As I left the film, I felt that it was pretty good, though not as great as "The Squid and the Whale".

"Margot at the Wedding" focuses on a specific familial breakdown in a mildly comedic way in much the same manner as Woody Allen's chamber pieces like "September", "Another Woman" and "Interiors". The more I discuss this film, the more I feel like it really stacks up against these Allen pictures. I've, for a long time, felt that Baumbach is the heir apparent in that genre of Allen picture, and I think this solidifies that theory.

I don't think he's as good as Woody Allen at it yet, but, who knows? he could get there.

The familial breakdown examined in this film revolves around Pauline's (Jennifer Jason Leigh) small wedding at the family house to lovable goof-ball Malcolm (Jack Black). Problems arise when her truly terribly sister, Margot arrives. Not only has she left her husband (played wonderfully by John Turturro as the most sympathetic least flawed character in the film) she works her hardest to disrupt everyones lives as much as possible. Really, that's the setup for the film.

And it works. The only problem with Noah Baumbach's film is that the humor and character interaction is so subtle it works on you on an almost timed delay. After we'd watched the second film of the night (Sweeney Todd, look for a review later today) and discussed it for a full twenty minutes, the conversation came back to Margot for the rest of the night. It provided such a subtle, interesting window into these characters that it gnawed on me for a while and I find myself still thinking about it.
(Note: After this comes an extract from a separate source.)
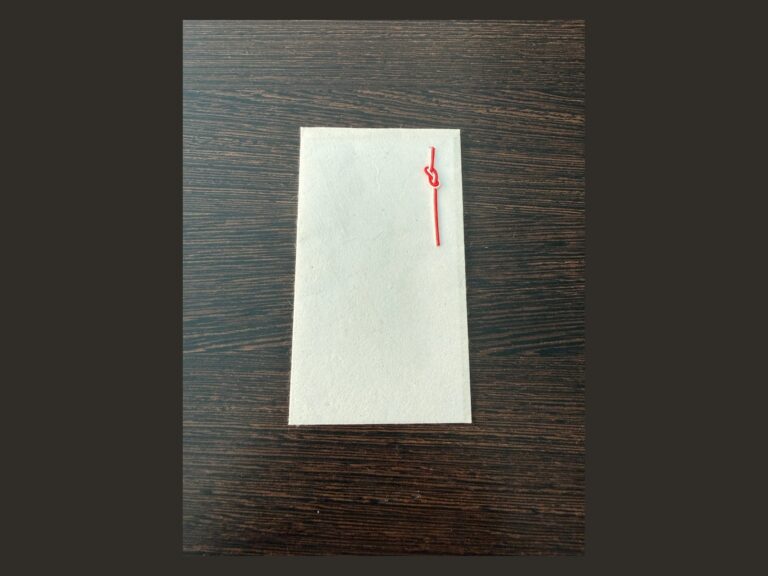 Yanagiu washi pochi-bukuro with a red-and-white knot, shown in full.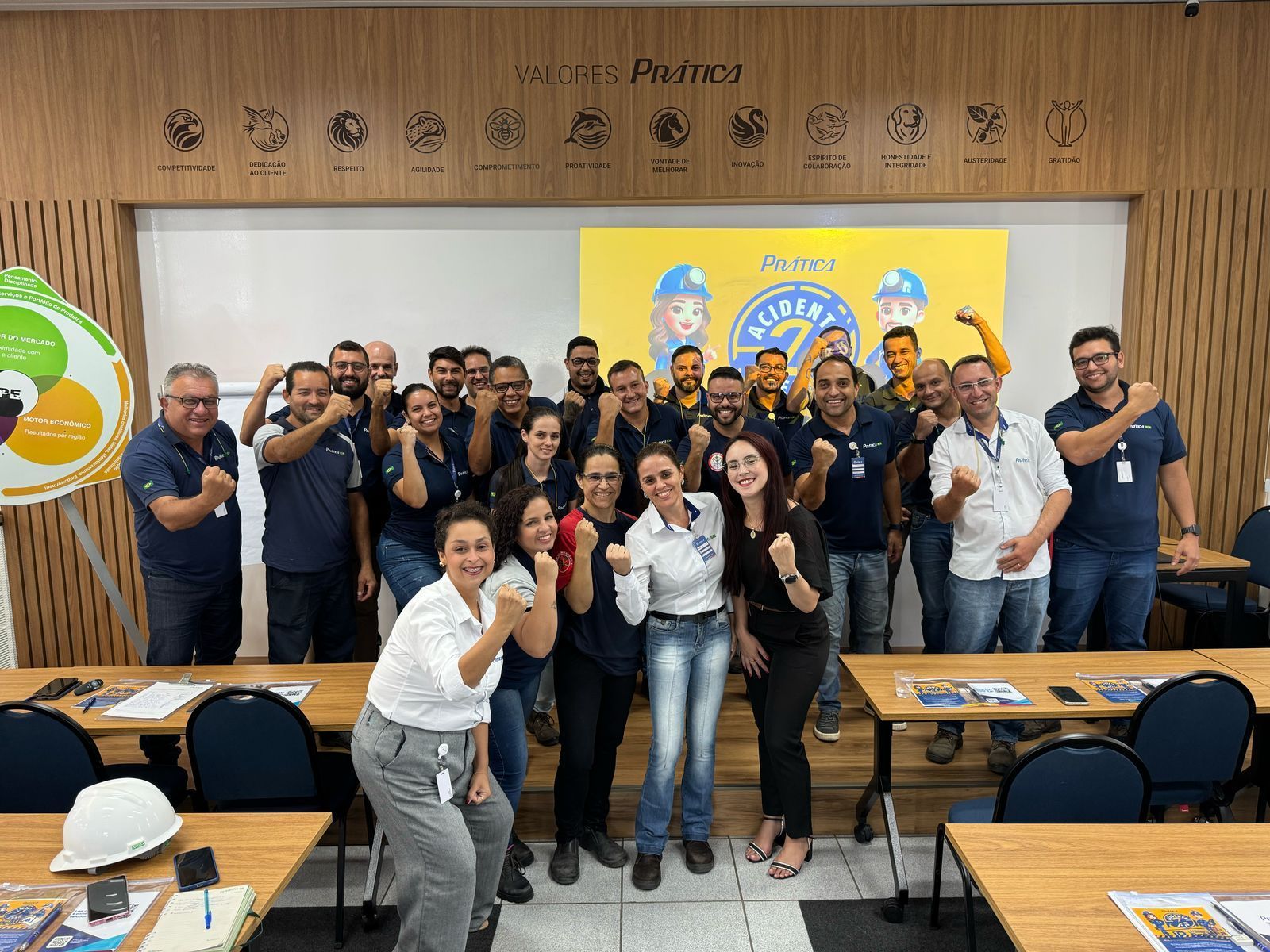Um grupo de pessoas está posando para uma foto em uma sala de aula.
Which is odd since my initial reaction to the film was that it was merely "pretty good." Maybe I'll have to watch it again to really sink my teeth into it one way or the other.

And it had the exact same ending as Darjeeling Limited, which was a little weird (literally dropping her baggage and running onto a moving mass transit vehicle...)

But, overall, this movie was entertaining and pretty good and the more you think about it, the better it gets.

2 comments:

... said...

You stole my "Darjeeling" connection, but I forgive you.

skankyoldwhore said...

Funny, everyone gets a name mention except for Margot, herself, Nicole Kidman! Ridiculous oversight!